THE WOODLANDS, Texas,
April 18, 2018 /PRNewswire/ --
CB&I (NYSE:CBI) today announced that Institutional
Shareholder Services Inc. ("ISS") , a leading independent proxy
voting advisory firm, has recommended that CB&I shareholders
vote "FOR" the previously announced transaction with McDermott
International, Inc. ("McDermott") at the Company's upcoming Special
General Meeting of Shareholders (the "Special Meeting") on
May 2, 2018.
In its April 17, 2018 report
supporting the transaction, ISS concluded that "the merger with MDR
represents the best available alternative for CBI shareholders.
Moreover, the valuation multiple implied by the offer appears
reasonable and the equity form of consideration will allow CBI
shareholders to benefit from synergies and the potential upside of
the combined company."
Commenting on the ISS report and the favorable recommendation,
Patrick K. Mullen, CB&I's
President and Chief Executive Officer, said, "We are very pleased
that ISS has joined our Board of Directors in recommending that our
shareholders vote FOR the proposals related to the
proposed combination with McDermott. We remain confident that this
transaction represents the best path forward for all CB&I
stakeholders as, together, CB&I and McDermott will create a
premier vertically integrated onshore-offshore company with the
significant scale, diversification and global presence to address
the evolving needs of our customers. We continue to make progress
towards completing the transaction in the second quarter of 2018
and look forward to realizing its significant benefits for our
shareholders, customers and employees."
CB&I reminds shareholders that their vote is important
regardless of how many CB&I common shares they own. The Board
of Directors of CB&I unanimously recommends that CB&I
shareholders vote FOR the proposals related to the
proposed combination with McDermott.
Shareholders who have questions or need assistance voting their
shares may contact CB&I's proxy solicitor, Innisfree M&A
Incorporated, at 1 (877) 825-8971 (toll-free from the U.S. and
Canada) or +1 (412) 232-3651 (from
other locations).
About CB&I
CB&I (NYSE:CBI) is a leading
provider of technology and infrastructure for the energy industry.
With more than 125 years of experience, CB&I provides reliable
solutions to our customers around the world while maintaining a
relentless focus on safety and an uncompromising standard of
quality.

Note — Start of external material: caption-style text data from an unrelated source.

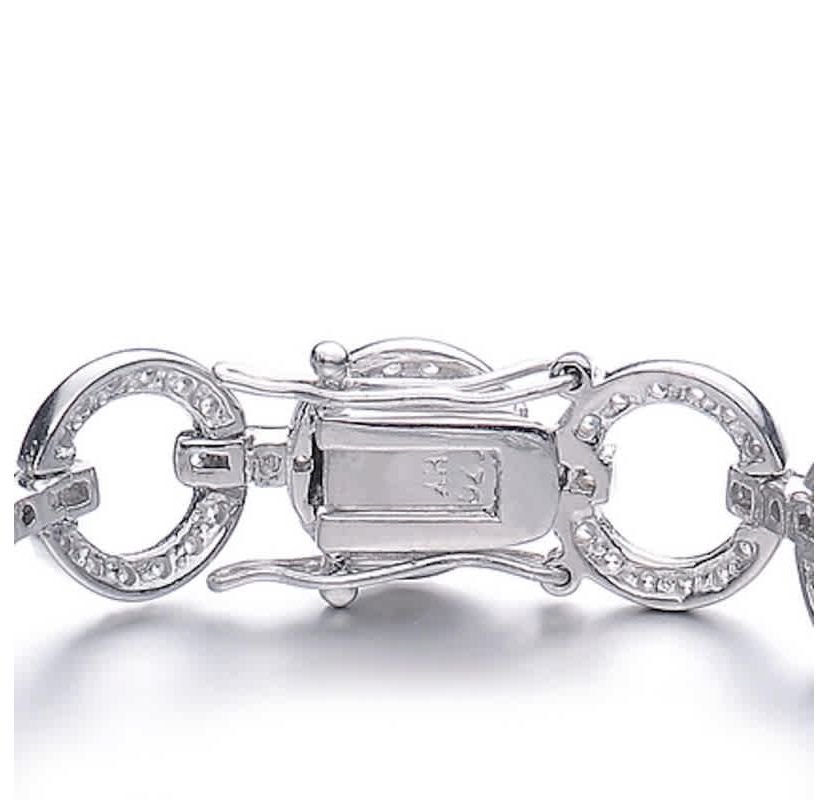 Lab Created Sterling Silver White Gold Plated Cubic Zirconia Circle Link Bracelet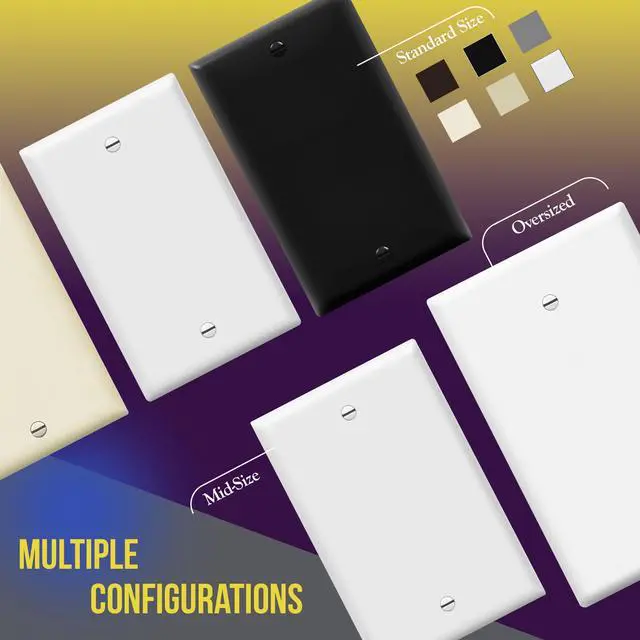 Alt view image 7 of 7 - Blank Cover Wall Plate, Gloss Finish, Standard Size 1-Gang 4.50" x 2.76", Polycarbonate Thermoplastic, 8801-W, White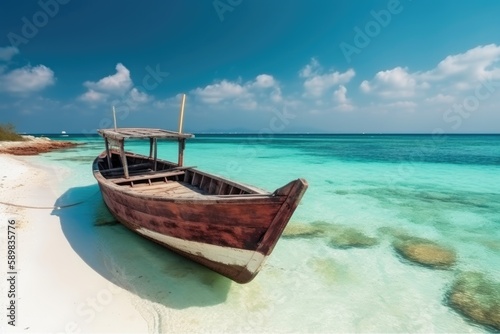 Fishing Boat on the Shore in Maldives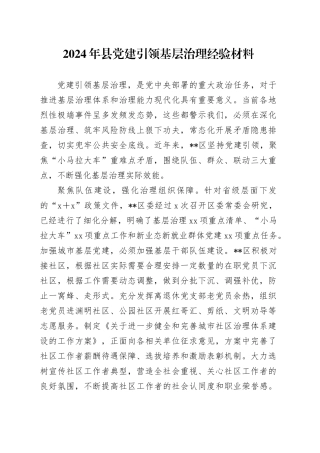 2024年县党建引领基层治理经验材料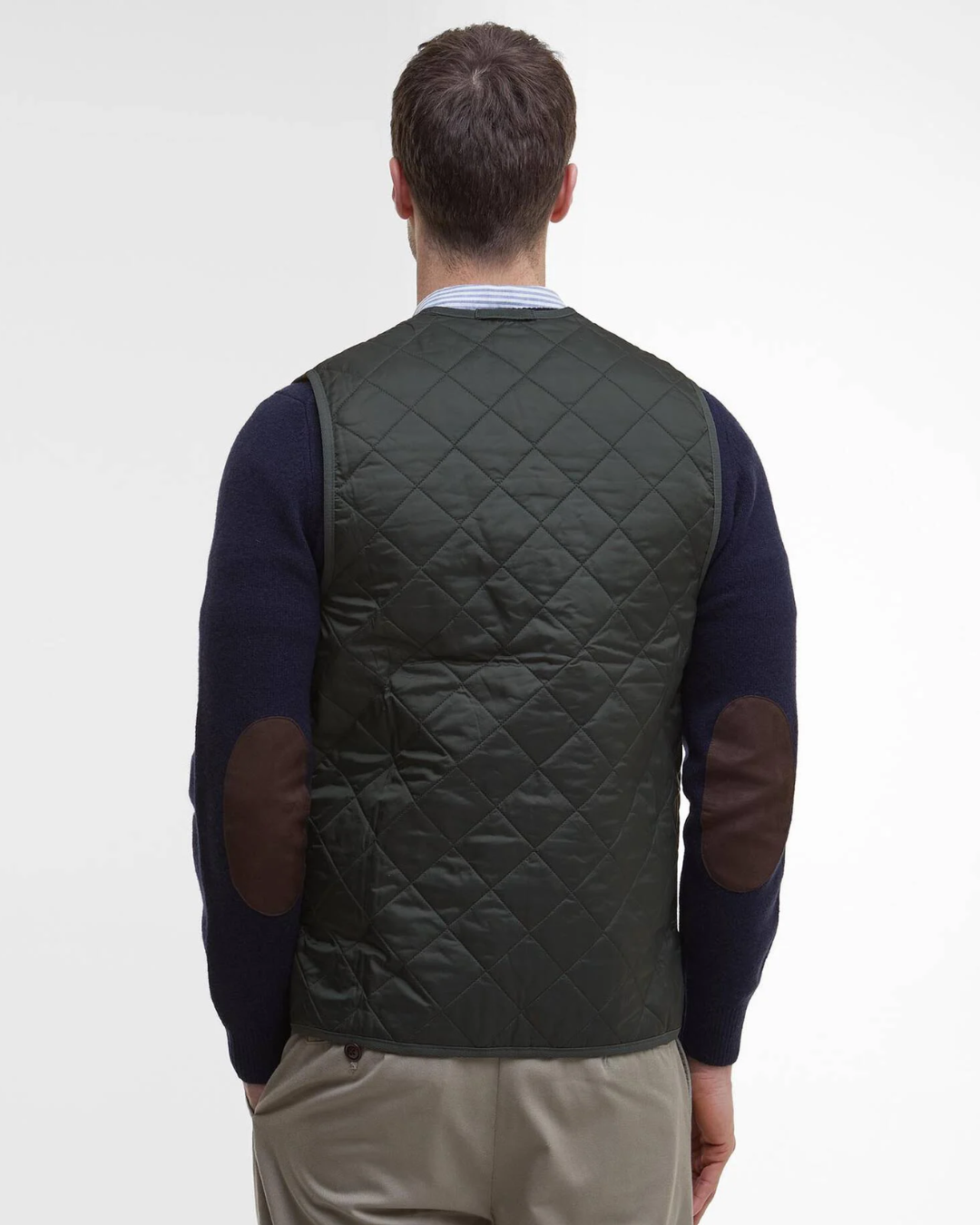 Gilet trapuntato/fodera con zip|Colore:Olive/classic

For more information, visit www.CBI.com.
Forward-Looking Statements
CB&I cautions that statements in this communication which
are forward-looking, and provide other than historical information,
involve risks, contingencies and uncertainties that may impact
actual results of operations of CB&I or McDermott, including
after the proposed business combination with McDermott. These
forward-looking statements include, among other things, statements
about the timing and completion of the combination. Although we
believe that the expectations reflected in those forward-looking
statements are reasonable, we can give no assurance that those
expectations will prove to have been correct. Those statements are
made by using various underlying assumptions and are subject to
numerous risks, contingencies and uncertainties, including, among
others: the ability of McDermott and CB&I to obtain the
approvals necessary to complete the proposed combination on the
anticipated timeline or at all; the risk that a condition to the
closing of the proposed combination may not be satisfied, or that
the proposed combination may fail to close, including as the result
of any inability to obtain the financing for the combination; the
outcome of any legal proceedings, regulatory proceedings or
enforcement matters that may be instituted relating to the proposed
combination; the costs incurred to consummate the proposed
combination; the possibility that the expected synergies from the
proposed combination will not be realized, or will not be realized
within the expected time period; difficulties related to the
integration of the two companies; the credit ratings of the
combined businesses following the proposed combination; disruption
from the proposed combination making it more difficult to maintain
relationships with customers, employees, regulators or suppliers;
the diversion of management time and attention on the proposed
combination; adverse changes in the markets in which McDermott and
CB&I operate or credit markets; the inability of McDermott or
CB&I to execute on contracts in backlog successfully; changes
in project design or schedules; the availability of qualified
personnel; changes in the terms, scope or timing of contracts;
contract cancellations; change orders and other modifications;
actions by customers and other business counterparties of McDermott
and CB&I; changes in industry norms; and adverse outcomes in
legal or other dispute resolution proceedings. If one or more of
these risks materialize, or if underlying assumptions prove
incorrect, actual results may vary materially from those expected.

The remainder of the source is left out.